Since 2017, the global revenue for e-commerce has jumped by 103%, with brands clamoring to build, through immersive visuals, online shopper experiences that replicate in-store visits. To that end, brands must manage a large volume of ever-growing visual assets, as shown by these statistics:
- From 2019 to 2020, video usage across our customer base increased by 88%; a large retail customer’s content bandwidth jumped by 129%.
- We managed and delivered an average of 2.4 million image and video assets per customer in March 2021 alone.
At eTail West, I gave a talk on a game changer in e-commerce: personalization, which boosts conversions, fosters content virality, and wins customer loyalty, let alone attracting a flywheel of repeat buyers. Below is a recap of that presentation.
Consider this gratifying experience of mine. A clothing ad on Facebook that caught my eye a while back drove me away from my newsfeed to visit the brand’s e-commerce site, where I made a purchase. Before long, I started seeing ads for similar apparel, which led to a discovery of new brands and products. All that personalized content based on my taste and shopping history was a welcome surprise, for I was able to make purchases in a fraction of the time I’d have had to spend at the mall.

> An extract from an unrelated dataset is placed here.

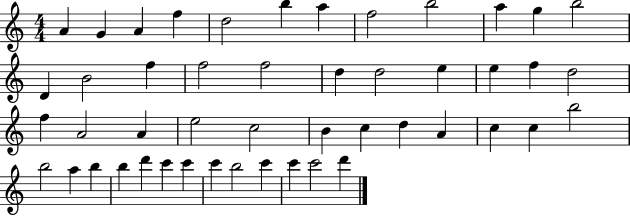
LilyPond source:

Not only that, that immersive, “near-life” experience mimicked how I’d shop in person. I could zoom in for a clear look of texture, view products from different angles, and browse photos uploaded by other shoppers. Besides, instead of being on models in studio light, the apparel was worn by women of a build similar to mine, photographed in a more natural or candid setting.
Also important, because algorithmic personalization self-learns through my preferences, its recommendations improve over time, more precisely serving me on my retail journey in the times ahead.

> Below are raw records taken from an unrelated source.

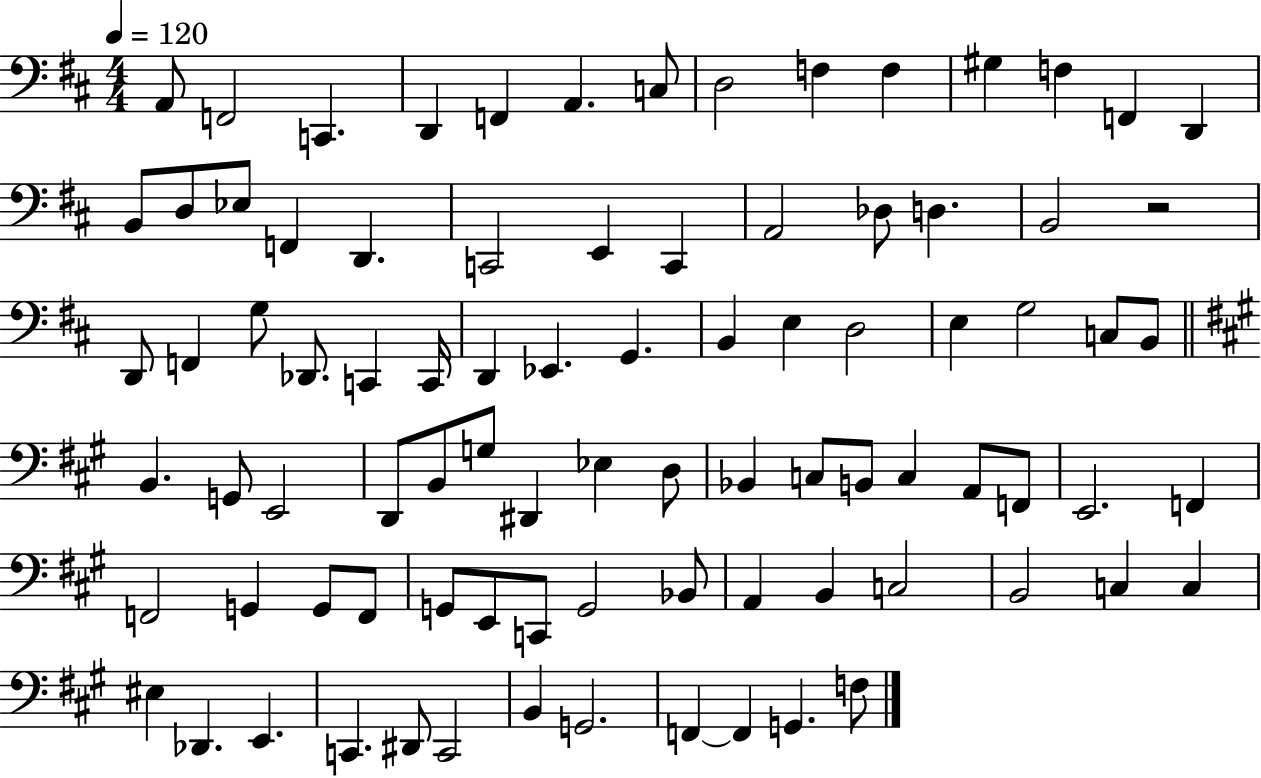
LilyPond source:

{
  \clef bass
  \numericTimeSignature
  \time 4/4
  \key d \major
  \tempo 4 = 120
  \repeat volta 2 { a,8 f,2 c,4. | d,4 f,4 a,4. c8 | d2 f4 f4 | gis4 f4 f,4 d,4 | \break b,8 d8 ees8 f,4 d,4. | c,2 e,4 c,4 | a,2 des8 d4. | b,2 r2 | \break d,8 f,4 g8 des,8. c,4 c,16 | d,4 ees,4. g,4. | b,4 e4 d2 | e4 g2 c8 b,8 | \break \bar "||" \break \key a \major b,4. g,8 e,2 | d,8 b,8 g8 dis,4 ees4 d8 | bes,4 c8 b,8 c4 a,8 f,8 | e,2. f,4 | \break f,2 g,4 g,8 f,8 | g,8 e,8 c,8 g,2 bes,8 | a,4 b,4 c2 | b,2 c4 c4 | \break eis4 des,4. e,4. | c,4. dis,8 c,2 | b,4 g,2. | f,4~~ f,4 g,4. f8 | \break } \bar "|."
}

Given all the benefits of personalized experiences, what’s stopping brands from creating them? By and large, the myriad resources and technologies required are the major barriers.
The biggest bottleneck is the supply chain of creative professionals. Not only are many people involved in the process as a rule, but they’re also manually managing multiple versions or customizations to accommodate the deluge of screen sizes and unique geographical requirements. Browsers and network bandwidths complicate things, too, especially in the absence of optimized content, particularly weighty images and videos.
An ideal solution is Cloudinary’s Media Experience Cloud, which automates with AI the management of media assets end to end: uploads, organization, version control, and generation of variations for all device types and network bandwidths. Creative teams can then focus on projects that require initiative and brain work.
Being image and video aware and integratable with your tech stack, the Media Experience Cloud performs tasks that traditionally require manual efforts, such as the following:
- Tag assets for storage, organization, and access.
- Convert raw photos to web-ready images.
- Dynamically crop and scale images based on their content so that you can generate responsive layouts, change colors, and apply other visual effects for all viewing devices and screen sizes.
- Determine images’ optimal point of focus, such as faces and moving objects, after which you can smart-crop and reframe those images to focus on the primary subjects regardless of screen orientation.
No matter the exponential growth in the volume of media assets deployed for e-commerce, AI can intelligently manage and optimize them all for use cases and user context with no human involvement. The result is the very best experience for online shoppers irrespective of device.
Building agile workflows with Cloudinary’s capabilities, which are powered by AI and machine learning, affords you flexibility for personalizing user experience in real time and at scale. Ultimately, you work smarter, not harder, assured that your shoppers will be well served.